• _Prompt_
Make an exact copy of the records, leaving out the images.

——

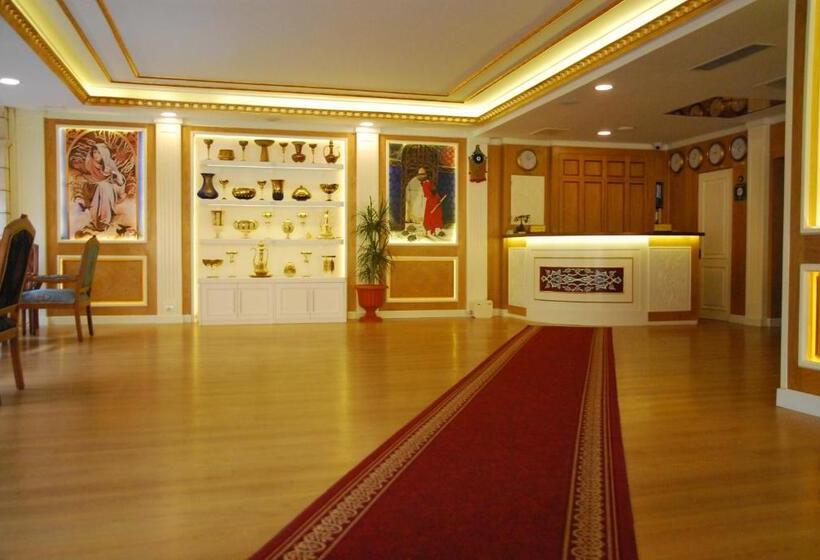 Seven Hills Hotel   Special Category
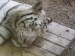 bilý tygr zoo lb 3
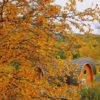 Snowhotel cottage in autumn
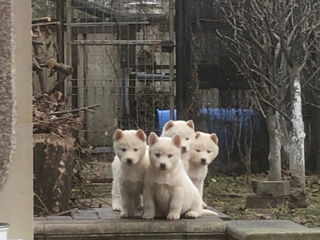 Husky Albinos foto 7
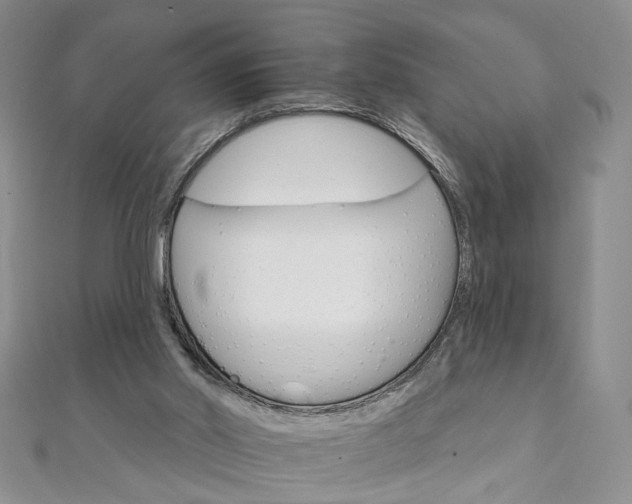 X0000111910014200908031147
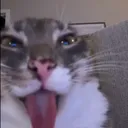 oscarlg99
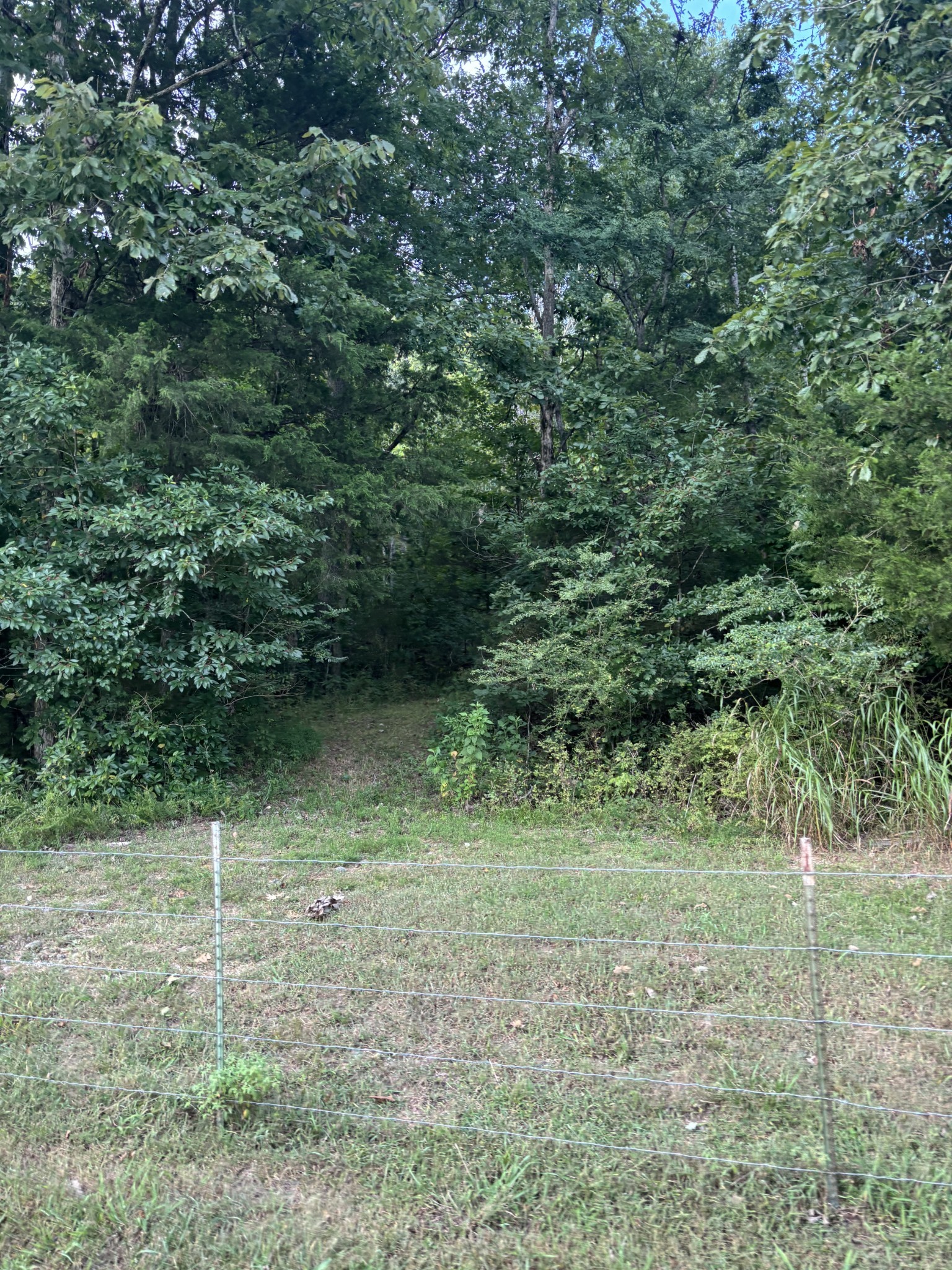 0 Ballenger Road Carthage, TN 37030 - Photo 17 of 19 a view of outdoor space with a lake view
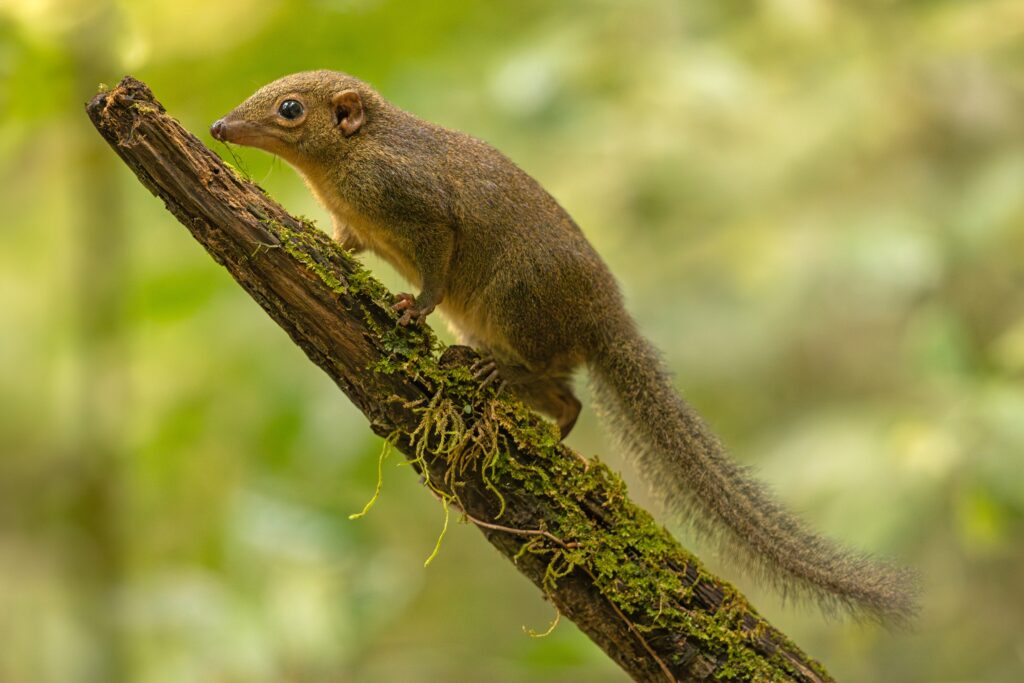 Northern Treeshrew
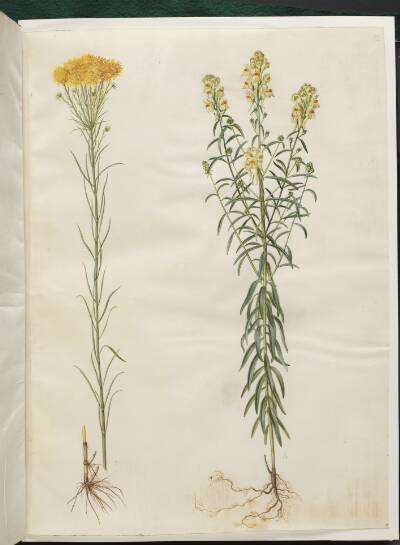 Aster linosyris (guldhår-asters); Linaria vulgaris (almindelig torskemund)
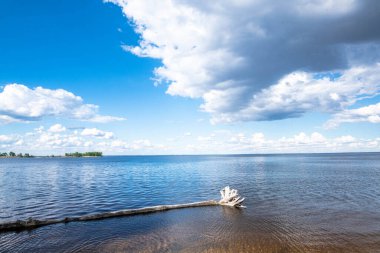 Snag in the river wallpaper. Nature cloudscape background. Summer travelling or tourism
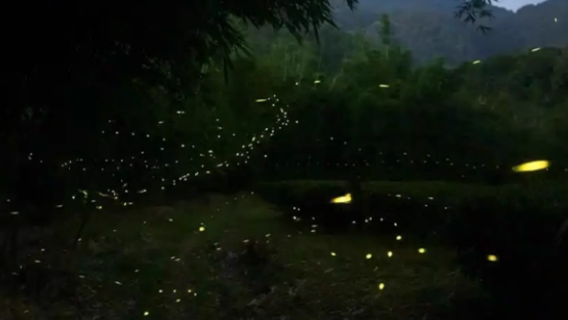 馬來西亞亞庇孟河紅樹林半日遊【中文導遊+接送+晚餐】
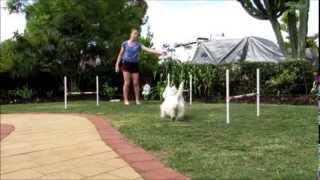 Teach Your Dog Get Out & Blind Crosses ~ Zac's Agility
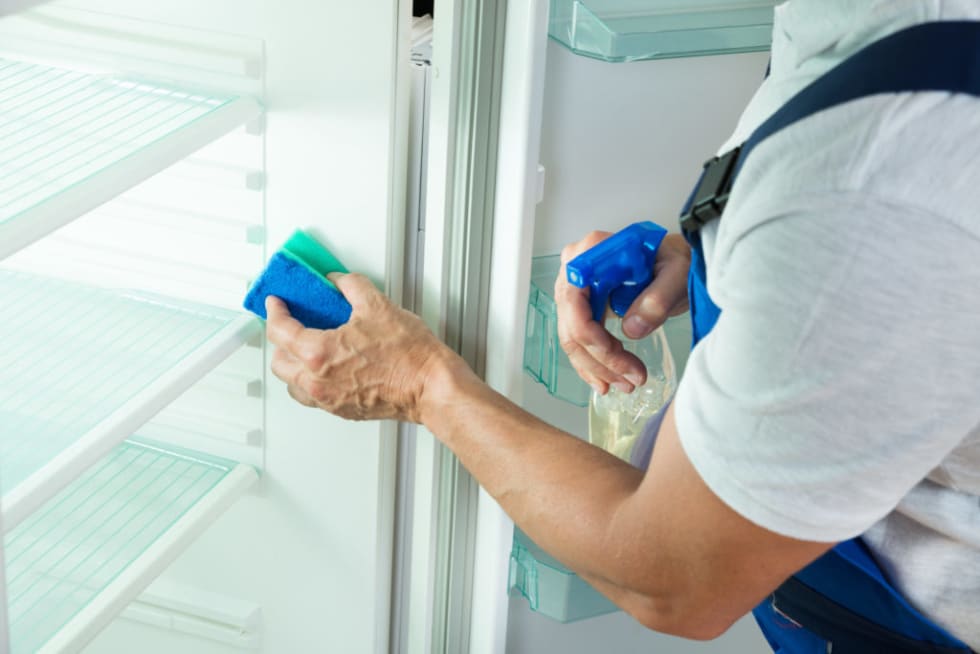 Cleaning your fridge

——

• _Result_
 Seven Hills Hotel   Special Category
 bilý tygr zoo lb 3
 Snowhotel cottage in autumn
 Husky Albinos foto 7
 X0000111910014200908031147
 oscarlg99
 0 Ballenger Road Carthage, TN 37030 - Photo 17 of 19 a view of outdoor space with a lake view
 Northern Treeshrew
 Aster linosyris (guldhår-asters); Linaria vulgaris (almindelig torskemund)
 Snag in the river wallpaper. Nature cloudscape background. Summer travelling or tourism
 馬來西亞亞庇孟河紅樹林半日遊【中文導遊+接送+晚餐】
 Teach Your Dog Get Out & Blind Crosses ~ Zac's Agility
 Cleaning your fridge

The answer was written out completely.